Sep. 25, 2003 BOSTON, MA – Last year, fewer than 6,200 people in the United States donated organs though more than 80,000 waited for organ transplantations. Each day, an average of 17 people die while waiting for a transplant.
Even though the need for transplantable organs far outweighs the supply, the number of organs donated could be more than doubled--saving thousands of lives every year--if the procurement process were improved. These findings by researchers from Harvard Medical School, Boston University, and the Institute for Healthcare Improvement appear in the summer issue of Health Care Financing Review published this week.

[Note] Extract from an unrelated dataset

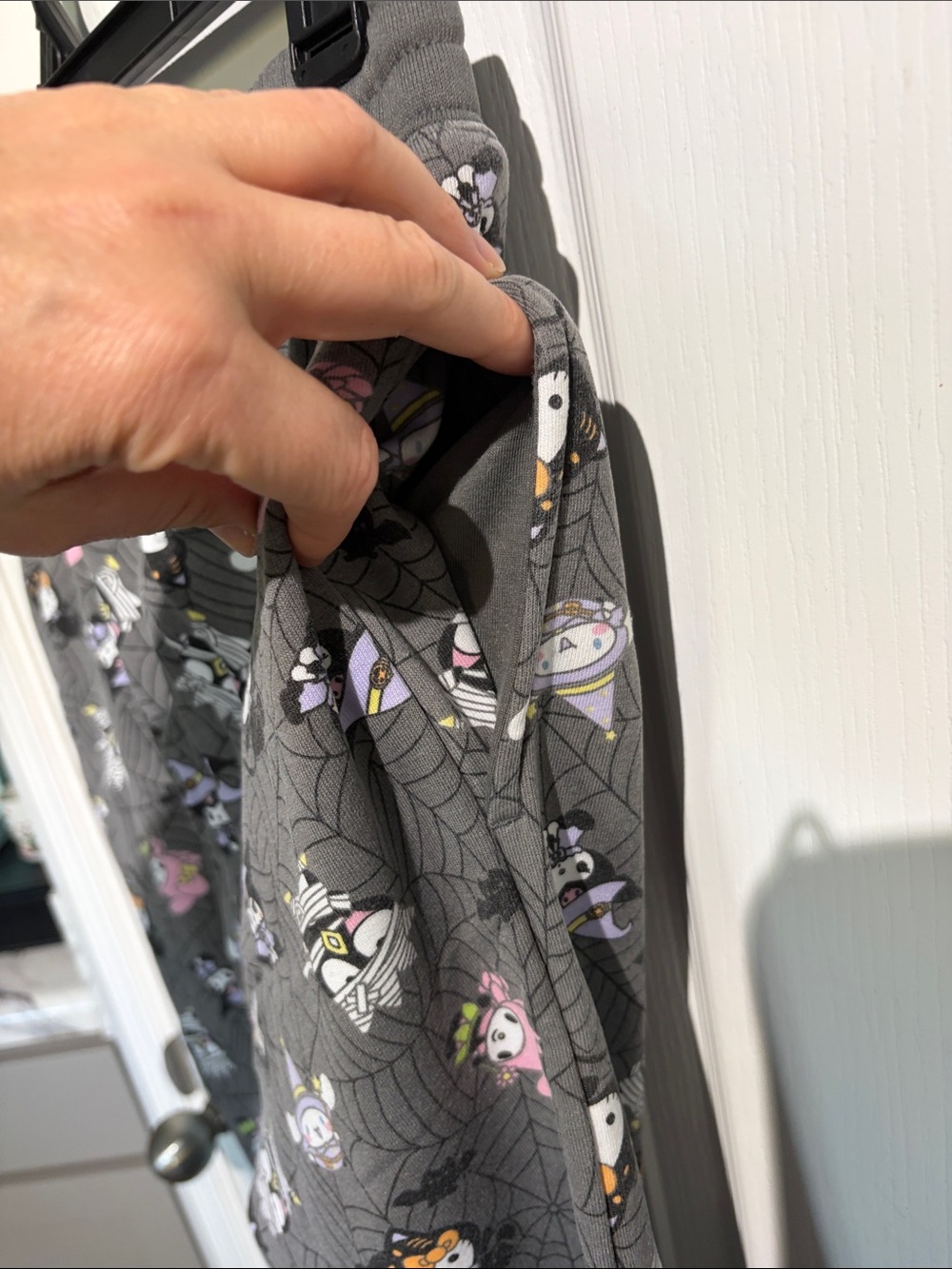 NWOT Hello Kitty and Friends sweatpants with Cute Halloween Character Print - Picture 5 of 5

Although millions of people across the country are registered donors, only two percent of them annually suffer brain death and meet the other medical requirements for being a cadaveric donor. The U.S. Department of Health and Human Services (HHS) suggests that the number of actual donors may be further limited by organ procurement organizations (OPOs) that do not utilize the most efficient practices.
"We needed to know if we have a supply of potential donors who can meet the demand for organs," said Edward Guadagnoli, first author on the study and an associate professor of health care policy at Harvard Medical School. "We didn't know until we used a statistical model to estimate that number." The researchers determined that the number is about 17,000 potential donors each year.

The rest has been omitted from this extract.